Kristen Arnett: I would say majority of the time before writing this particular book, I considered myself mainly a short fiction writer—and essay work—but what happened was I was working on this short story several years ago—I guess like, five years ago now—and it was about a brother and a sister taxidermy-ing a goat and they fuck it up really bad, and it’s like this story of them trying to figure out what they’re going to do with this animal that they’ve basically destroyed and they have to give it to someone. It was the first time I came to the end of the story and I didn’t feel like I was done with them.
Usually in the trajectory of me working on a short story, I get to the end and I feel like it’s complete; I don’t feel the need to explore anything further. So, I just decided I’d use it as a kind of experiment. I didn’t toss out the short story, I just set it aside and said I’m going to open something else up and I’m going to write about these people and try and see where it goes. And I hadn’t ever written anything that lengthy before, so I gave myself—very librarian of me—I gave myself parameters to work within. So, I started in June and I was like, during the work week, I’ll write a thousand words a day in this document and by the time I get to a certain amount of words, I’ll look at it and see what I have. And I didn’t let myself go back in and edit, because normally that’s what I do with a short story and I knew if I did that with something this large, I wouldn’t be able [to finish].
Rumpus: You had an essay published in Hazlitt where you relate the poetic functions of taxidermy and some of your research process for the novel. I’m still wondering though: what got you interested in writing about taxidermy in the first place? Is it something you’d already had personal experience with?

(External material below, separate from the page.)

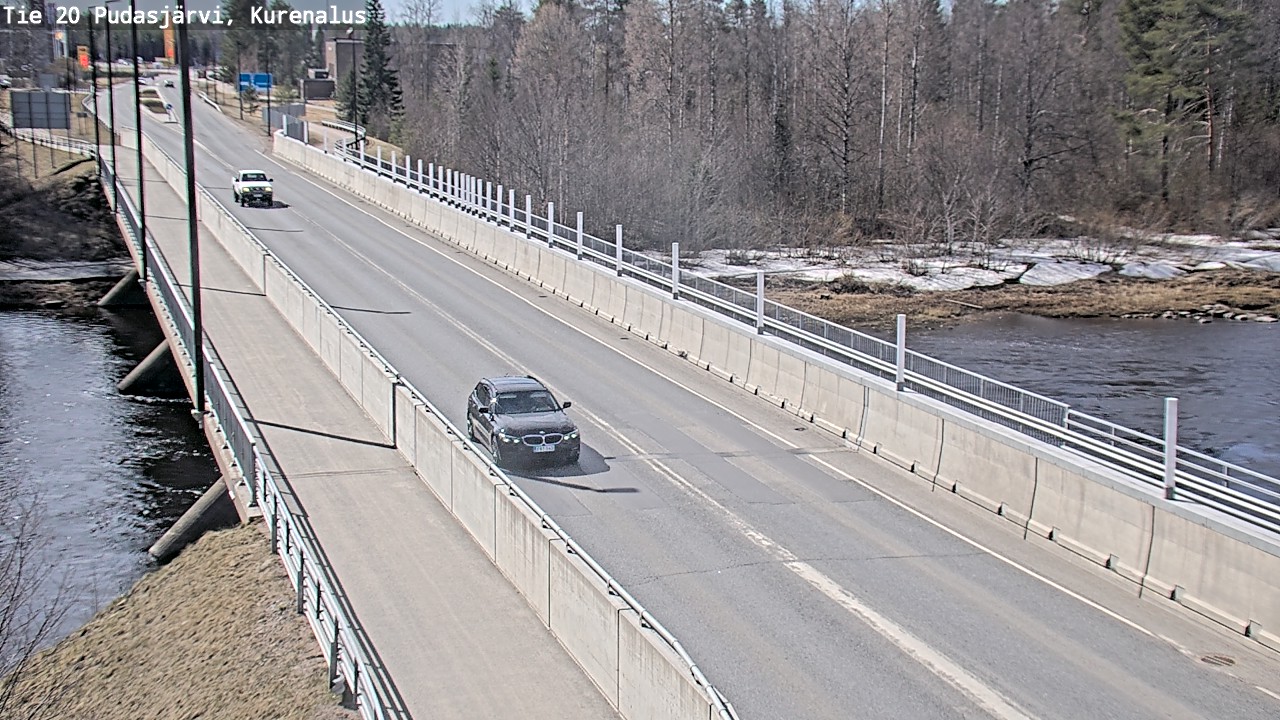 Weather Camera Image Road 20 Pudasjärvi, Kurenalus, Pudasjärvi, Pohjois-Pohjanmaa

Arnett: It’s a very good question, because living in Florida my whole life, there’s a lot of taxidermy. If you’re in the South, there’s a lot of taxidermy, but Florida has a lot of spaces where there’s little pop-up places for taxidermy, places like Bass Pro Shops and there’s a HUGE taxidermy display—so it was something I’d always had familiarity with.

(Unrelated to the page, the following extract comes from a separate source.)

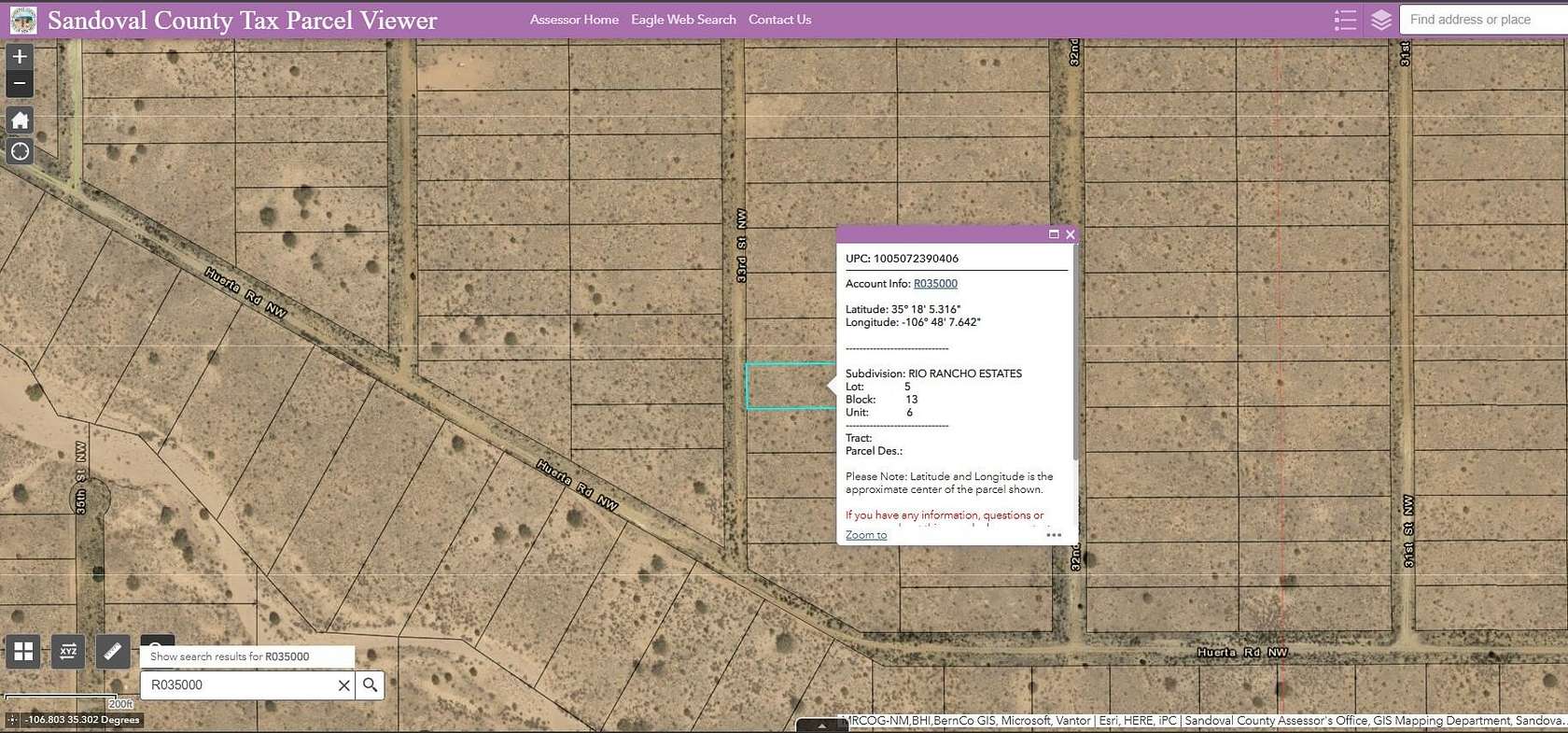 0.5 Acres of Land for Sale in Rio Rancho, New Mexico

I wouldn’t say I had hands-on experience with it, but I immediately began looking into everything I could about it. I watched a lot of YouTube videos. You would be surprised how many YouTube videos you can watch about legit taxidermy-ing something horrible, so there was a lot of that. I wanted to experience the taxidermy—not necessarily in its contemporary forms because there’s a lot of things now, these pre-made mold kits you can use—of twenty years ago, thirty years ago, so I bought a lot of old-school, vintage manuals that show you “how-to from your home,” like for the novice-type taxidermist. I went on a lot of old-school web forums where people go in and talk about like, oh, tips and tricks for how to do stuff. There’s also like, specializations that are super embedded in it: people who are very good at birds or their specialty is fish, or even people who just do mouths, like deer mouths or things like that. It was really fascinating. It spoke a lot to me about how I feel about crafting, or like making—it’s like makerspace.
And it’s also this way of masculinity being able to access crafting, but still being able to say, “Oh it’s not feminine, it’s a dead animal!” It’s a way that maybe some men are still able to access making or creating without feeling. So that’s interesting to explore also, I think, because taxidermy is something that traditionally, I would say, is mostly men performing in taxidermy ‘cause it has that correlation with hunting.
Rumpus: One thing I sincerely appreciated about Jessa’s story as a queer narrative is that (much like real life, of course) it’s more nuanced than “coming out.” I also thought this book does a great job of moving beyond the kind of trauma story that non-Southerners might expect to read in regard to a queer person living in the South. Could you share your opinion on the importance of moving beyond coming out stories?
Arnett: Yeah, that’s something that really speaks to me personally, because—well, first of all, there’s nothing wrong with coming out stories, right? They’re important; they serve a purpose. But for me, I felt like what I was missing all the time in reading or looking for queer narratives was just queer lives lived without the opening salvos of whatever’s happening with that. I just wanted to experience the daily lived experience. And also, it was very important to me to be writing a book where the person was queer, but the main through-line was not [her queerness], like that wasn’t the argument or the thing that she was dealing with with people. I wanted it to be something that affects the problems she has, but I didn’t want it to be a story where she has all these arguments with her parents about “you don’t accept me.”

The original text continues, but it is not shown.